Q. How do you prep for the Masters different from another tournament?
PAUL CASEY: The one thing about the Masters is I know every shot I've got to hit before I get there. Having played it how many times I played it, a dozen times. I know every single shot. Doesn't matter where the wind's blowing, doesn't matter the pin position, I could stand anywhere in the world and practice and try to replicate shots I'm going to need that particular week. And I can't say the same for Bethpage or maybe Pebble, but where else are we going? Where is our other major?

Q. Portrush?
PAUL CASEY: Portrush. I never played Portrush so I have no way of preparing for Portrush. Other than it's links so I got to work on some links stuff, but I don't know what shot that is. I don't even know the first hole.

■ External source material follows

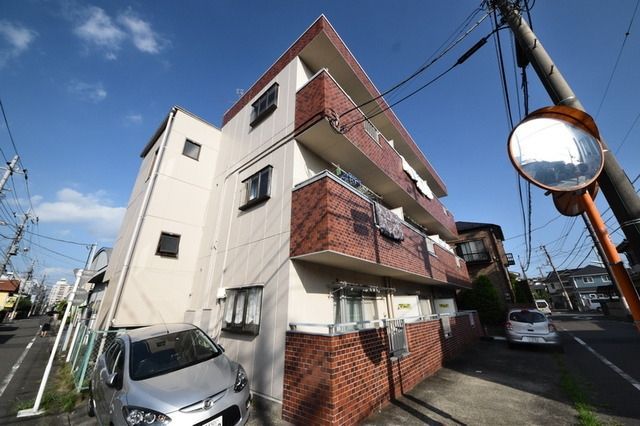 建物外観　内見のご予約はタウンハウジング八王子店まで♪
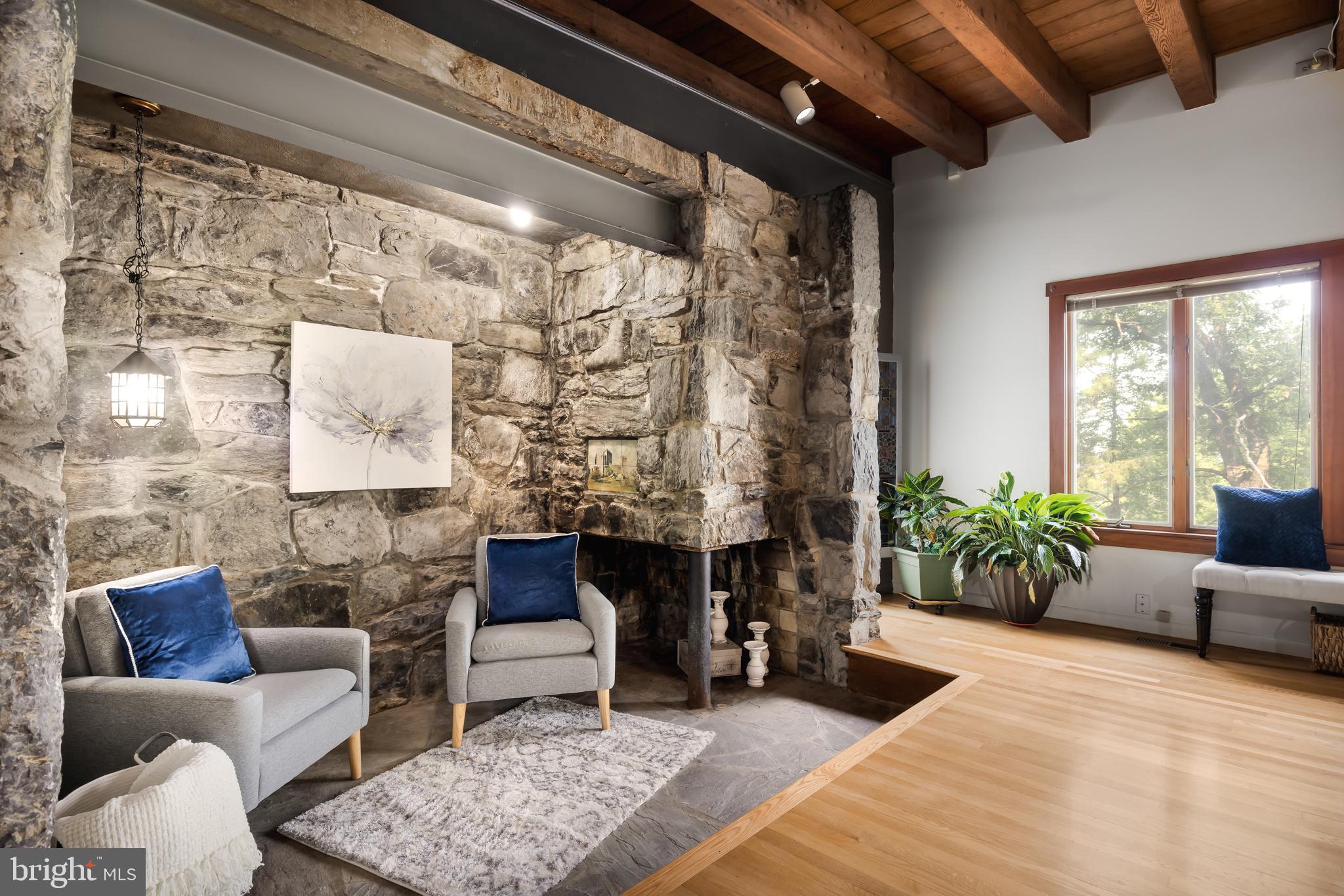 SHANNONDALE - Residential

Q. That's a lot of shots to practice, isn't it?
PAUL CASEY: At Augusta? Yeah, but that's not that bad. You can write it out. You can say, okay, the wind's going to be out of the north today and figure out, literally go through and play 18 holes on the range. Or imagine the wind's out of the south how would I play the golf course.

Q. Play 18 holes on the range?
PAUL CASEY: Oh, yeah.

Q. What did you shoot?

PAUL CASEY: Out of bounds on the first, I don't know, dropped one on the second. Yeah, so it's easy, for me it's easy to prep. It's very structured. Maybe that's why my results have been solid around there.

Q. There was a lot of discussion on Sunday about the interaction between Jon Rahm and his caddie on the 11th hole at Sawgrass. Just wondered what your reaction was to that discussion and is that perhaps a sign of strength of that relationship for the player and caddie both to feel open enough to speak up at a critical point?
PAUL CASEY: Jon, we know who Jon is as a player, Adam is a great caddie. I heard it on the radio, I was listening to it on the radio on the way to the airport and Adam did, Adam sounded like he did everything he could short of standing in front of him or running off with the club so he couldn't hit, taken them all away from Jon. Yeah, I can't speak for -- I don't know, could Adam have done anymore or any less, should Jon -- it's none of my business. But I thought it was fascinating, I thought Adam was brilliant in what he said and how he laid it out there and the reasoning and the rationale, the outcome obviously wasn't what Jon or Adam wanted. I didn't see the reaction on TV because obviously I was driving. But they're a great partnership and they will continue to be a great partnership in the future and it's cool to get that, it was rubbish to see the outcome and what happened, but it's great to hear that interaction. Because otherwise if we don't, we don't hear it, we just think it's a, we think it's a bad decision and a bad shot. But it was so much more. That's golf. That's why it's so cool.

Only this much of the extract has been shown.